I suppose it’s no coincidence that I’m a big fan of Victorian literature — a period so characterized by its earnestness that Oscar Wilde wrote a play (The Importance of Being Earnest) making fun of the whole notion.

Even more telling, my favorite author of the period is Charles Dickens who famously addresses earnestness in what is considered the most autobiographical of his novels, David Copperfield. The titular character explains, “whatever I have tried to do in life, I have tried with all my heart to do well; that whatever I have devoted myself to, I have devoted myself to completely; that in great aims and in small, I have always been thoroughly in earnest. I have never believed it possible that any natural or improved ability can claim immunity from the companionship of the steady, plain, hard-working qualities, and hope to gain its end. . . .there is no substitute for thorough-going, ardent, and sincere earnestness. Never to put one hand to anything on which I could throw my whole self; and never to affect depreciation of my work, whatever it was, I find, now, to have been my golden rule.”

I suppose my attraction to Dickens comes from this “golden rule” being part of my ethos as well. I rarely have done things by halves. I own, for example, a bright yellow tank top inscribed with the pink lettering “only half crazy 13.1,” yet I’m registered for marathon number ten — full crazy times ten.

Of course, each of those marathons leaves me sore, exhausted, and my immune system weakened. It is an earnest endeavor that depletes me.
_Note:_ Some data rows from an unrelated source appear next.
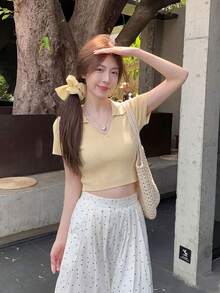 Áo dệt kim tay ngắn hở vai thiết kế xoắn, kiểu dáng tối giản, eo thắt, ôm sát, dáng lửng, thích hợp cho mùa hè. - Màu be - Xem 4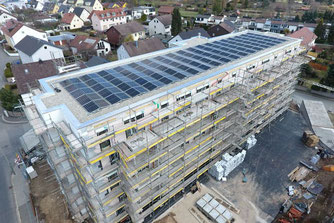 Photovoltaikanlage - PV-Anlage auf dem Wohnkomplex „Sonnenwohnen Weiden“ der Nova Sedes Wohnungsbaugenossenschaft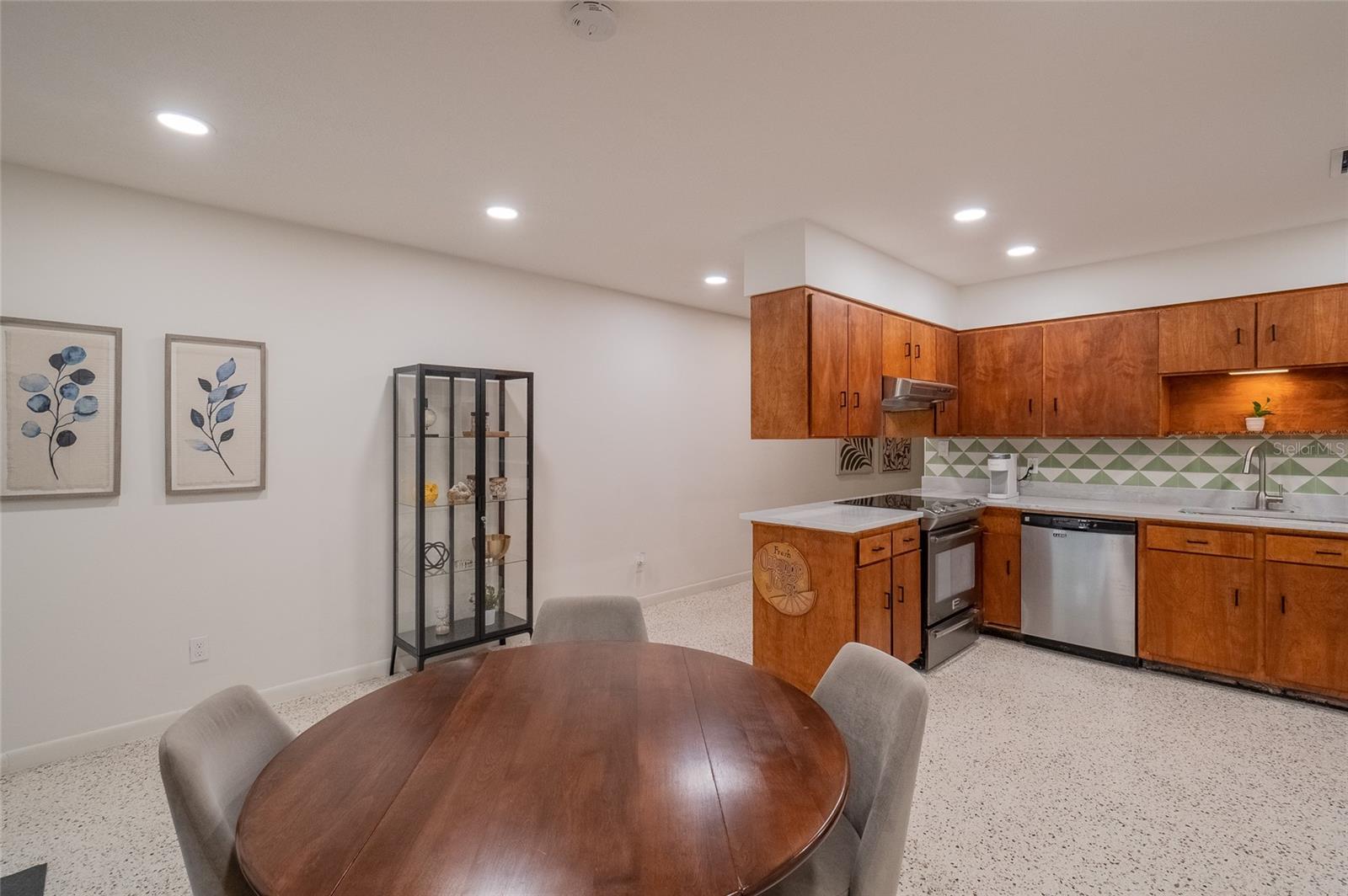 Image 10 of 15 For 725 Wilson Avenue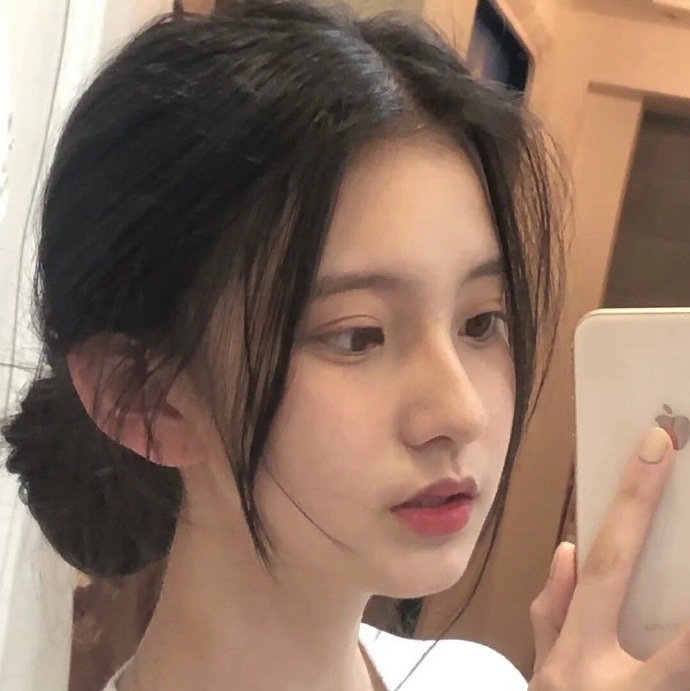 阳光开朗可爱的女生微信头像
It’s exactly this earnestness that Jonathan Malesic argues is the source of burnout in The End of Burnout: Why Work Drains Us and How to Build Better Lives. Malesic writes about the emotional labor of work, the view of work as a kind of calling rather than a means to earn wages, and the gap between expectations and reality as the sources of burnout.

In other words, it’s about giving too many f_ _ ks.

As a professor, especially teaching during Covid, I wouldn’t say I suffered from burnout, but my toes got a little hot as I started to cross the line over into burn.

Working with people, as Malesic argues, always will mean more emotional labor, but as my students struggled with the global pandemic on top of all of the other stressors this generation faces, I found myself as worn out at the end of some days as if I’d run two marathons.

Caring deeply is a good thing. I do care deeply about my work and my students, but caring too deeply means depletion.

What does giving fewer f_ _ ks look like though? What would our podcast talk about?

For me, it’s understanding boundaries and letting go of the egocentric idea that I am SO important and actually capable of rescuing the world and/or my students. I must avoid the kind of earnestness that Wilde made fun of, a sort of martyrdom that inflates my self importance and does no one any good. I must understand and accept my limitations.

There must be a sense of commitment to doing what I can with the knowledge of what I cannot.

I sat with my friend during her long days of treatment, letting her know that she was important and loved and that I gave every f_ _ k imaginable. However, I couldn’t cure her, no matter how many f_ _ks I gave. I’m the wrong kind of doctor for that. I knew my limits. (She is doing well!!!)

Many philosophies and religions have argued for moderation whether called the Middle Way or the Golden Mean.

Whichever term you prefer, it’s about giving just right amount of f_ _ks.

We figure that out by setting priorities and creating appropriate boundaries.

I’m still working on that for myself — but keeping it light — or it kind of defeats the purpose.



Kathryn Duncan

Kathryn Duncan is an English professor and author of the book Jane Austen and the Buddha: Teachers of Enlightenment.